Return the data below exactly, but only from the line containing "M194 marly's 1981 원피스" through the line containing "Sahibinden Renault Clio", with both of those lines included.

+++ RECORDS SUPPLIED +++

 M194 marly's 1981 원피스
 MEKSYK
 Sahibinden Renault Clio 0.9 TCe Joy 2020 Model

+++
+++ RECORDS SUPPLIED +++

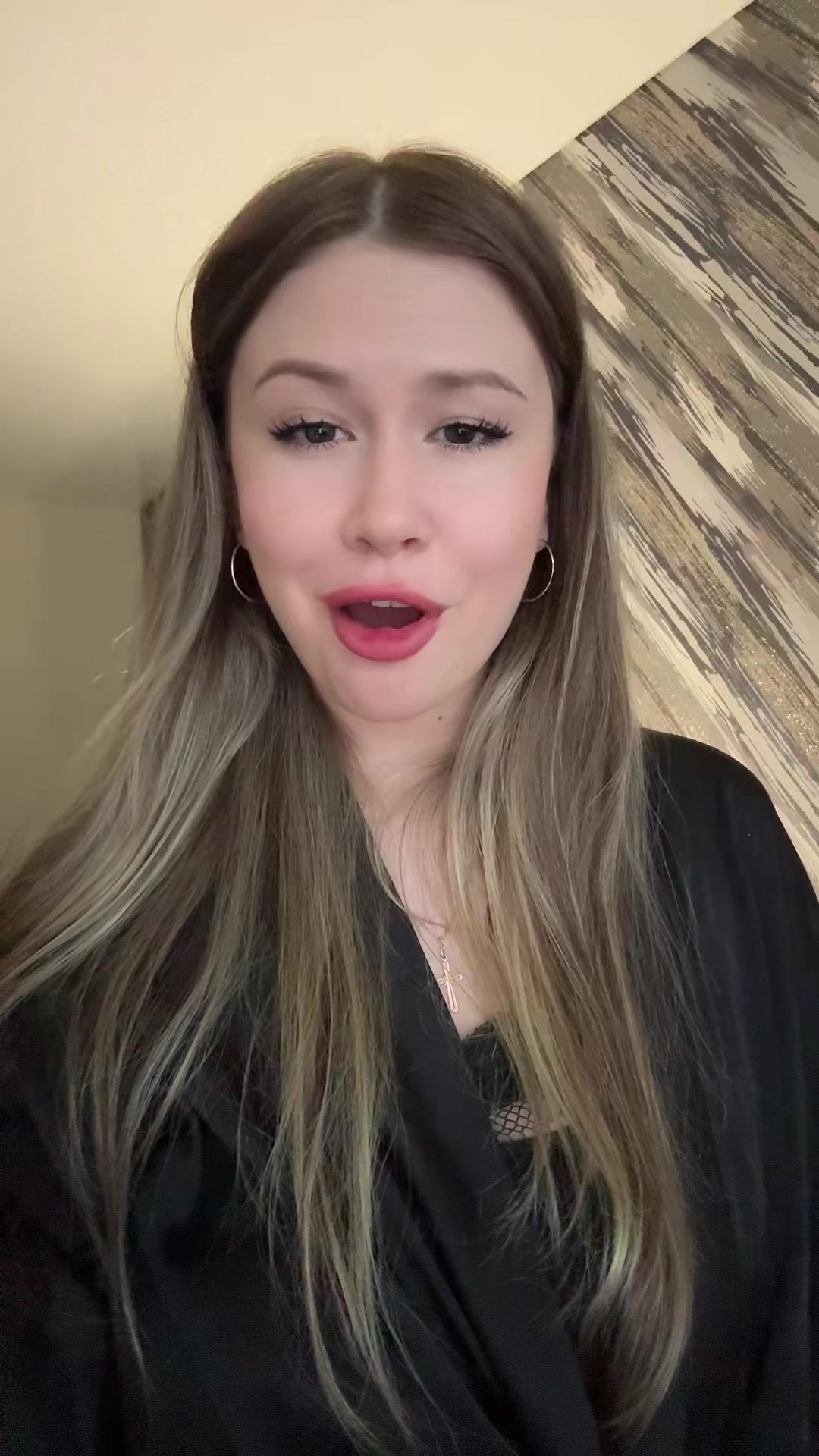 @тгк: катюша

+++

**ANSWER SPACE**.
 M194 marly's 1981 원피스
 MEKSYK
 Sahibinden Renault Clio 0.9 TCe Joy 2020 Model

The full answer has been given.